Unfortunately, Cooke may be the only one certain of this trend right now. Sure, a few recent large deals—including Chicago-based Equity Residential’s early February purchase of three New York assets from New York-based Macklowe Properties—have generated speculation of a return to business as usual. But some say the recent spike in activity is simply a sign of more distress eking out (even Macklowe needed the sale to fund a development project). The bottom line: Whether it’s a sign of distress or an indication of a turnaround, the industry can expect that larger portfolio transactions are on their way.
Signs of Life
Back in the fall of 2008, when financing became more difficult to secure and buyers and sellers lost grasp of accurate pricing, the multifamily sales market ground to a halt.

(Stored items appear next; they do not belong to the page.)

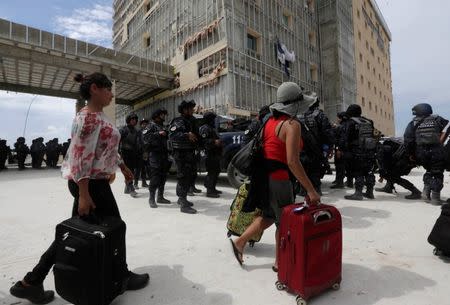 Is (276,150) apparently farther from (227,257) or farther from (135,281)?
(135,281)

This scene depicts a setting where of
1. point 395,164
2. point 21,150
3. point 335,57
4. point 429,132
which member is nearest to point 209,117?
point 395,164

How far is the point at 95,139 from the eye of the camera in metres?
2.04

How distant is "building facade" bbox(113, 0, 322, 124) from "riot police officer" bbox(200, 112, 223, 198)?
496 inches

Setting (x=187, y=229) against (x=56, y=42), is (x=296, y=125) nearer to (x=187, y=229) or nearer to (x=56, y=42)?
(x=187, y=229)

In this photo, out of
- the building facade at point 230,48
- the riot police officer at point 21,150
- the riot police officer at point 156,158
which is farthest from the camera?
the building facade at point 230,48

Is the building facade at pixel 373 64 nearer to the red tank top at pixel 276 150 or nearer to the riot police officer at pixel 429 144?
the riot police officer at pixel 429 144

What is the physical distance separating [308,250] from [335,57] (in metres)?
29.6

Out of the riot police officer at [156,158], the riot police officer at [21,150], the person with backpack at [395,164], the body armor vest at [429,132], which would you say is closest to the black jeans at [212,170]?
the riot police officer at [156,158]

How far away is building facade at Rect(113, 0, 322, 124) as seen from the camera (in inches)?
780

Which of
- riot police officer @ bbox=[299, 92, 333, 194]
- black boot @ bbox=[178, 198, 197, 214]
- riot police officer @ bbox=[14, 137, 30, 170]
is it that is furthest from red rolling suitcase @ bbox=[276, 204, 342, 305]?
riot police officer @ bbox=[14, 137, 30, 170]

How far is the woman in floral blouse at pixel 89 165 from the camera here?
201 cm

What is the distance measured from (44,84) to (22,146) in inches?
448

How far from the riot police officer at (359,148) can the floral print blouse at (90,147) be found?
480 cm

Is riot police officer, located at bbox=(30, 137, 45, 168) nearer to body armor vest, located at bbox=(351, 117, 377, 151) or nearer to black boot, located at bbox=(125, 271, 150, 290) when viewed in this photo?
body armor vest, located at bbox=(351, 117, 377, 151) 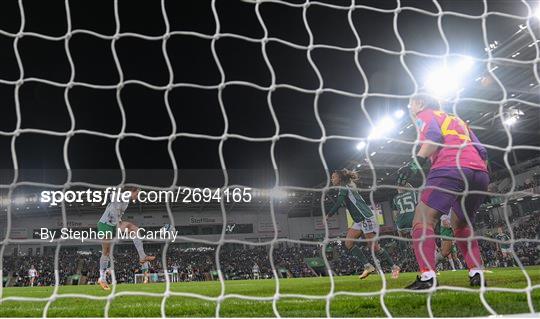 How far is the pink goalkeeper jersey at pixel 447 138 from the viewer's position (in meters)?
3.32

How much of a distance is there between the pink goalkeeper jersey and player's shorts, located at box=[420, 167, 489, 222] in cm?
5

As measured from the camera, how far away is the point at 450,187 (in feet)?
Result: 10.9

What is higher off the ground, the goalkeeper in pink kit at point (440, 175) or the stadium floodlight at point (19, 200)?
the stadium floodlight at point (19, 200)

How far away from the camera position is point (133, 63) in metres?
11.2

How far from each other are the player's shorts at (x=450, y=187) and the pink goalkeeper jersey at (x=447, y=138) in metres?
0.05

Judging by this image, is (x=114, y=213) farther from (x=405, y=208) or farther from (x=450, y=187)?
(x=450, y=187)

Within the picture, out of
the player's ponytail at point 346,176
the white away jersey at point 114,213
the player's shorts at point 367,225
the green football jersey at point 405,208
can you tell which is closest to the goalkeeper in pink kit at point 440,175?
the player's ponytail at point 346,176

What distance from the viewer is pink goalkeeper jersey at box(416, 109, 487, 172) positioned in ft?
10.9

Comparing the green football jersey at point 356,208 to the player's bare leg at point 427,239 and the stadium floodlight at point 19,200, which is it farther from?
the stadium floodlight at point 19,200

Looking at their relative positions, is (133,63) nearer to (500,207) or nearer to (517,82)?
(517,82)

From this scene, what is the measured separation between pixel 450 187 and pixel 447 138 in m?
0.38

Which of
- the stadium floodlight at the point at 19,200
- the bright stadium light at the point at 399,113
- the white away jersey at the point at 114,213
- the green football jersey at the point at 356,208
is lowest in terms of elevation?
the green football jersey at the point at 356,208

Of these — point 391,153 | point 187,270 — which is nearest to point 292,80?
point 391,153

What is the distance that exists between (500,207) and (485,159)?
22349mm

The usual buyers disappeared, leaving smaller, private owners in the market.
Pay attention to the details when trading a distressed portfolio.
These days, most portfolio deals on the market offer distressed assets. But Peter Donovan, senior managing director of Los Angeles-based CB Richard Ellis’ Multi-Housing Group, says it’s a mistake to think that a bank will simply bundle up apartment properties and sell them as REOs. In fact, pure lenders and the special servicers who handle bad CMBS loans may have different agendas.
“I don’t know if banks want to sell a portfolio, but a CMBS lender may want to do that because of ease of execution,” Donovan says. “It will depend on a group of assets and where they’re located as to whether that’s the best strategy.”
Real estate basics such as location and asset type will also play a role. “Our experience has been that if it’s all in one city with similar quality and types of properties, you’ll get a better portfolio execution because it will appeal to one buyer,” Donovan says. “If it’s a scattered portfolio across different geographies, different sizes, and different types of quality, a portfolio execution doesn’t maximize your value.”
So far, though, most of the distressed portfolio offerings are lower-quality assets with maintenance issues. David K. Oelfke, a founding principal in Atlanta-based Apartment Realty Advisors’ Central region, says it’s hard to bundle those kinds of deals.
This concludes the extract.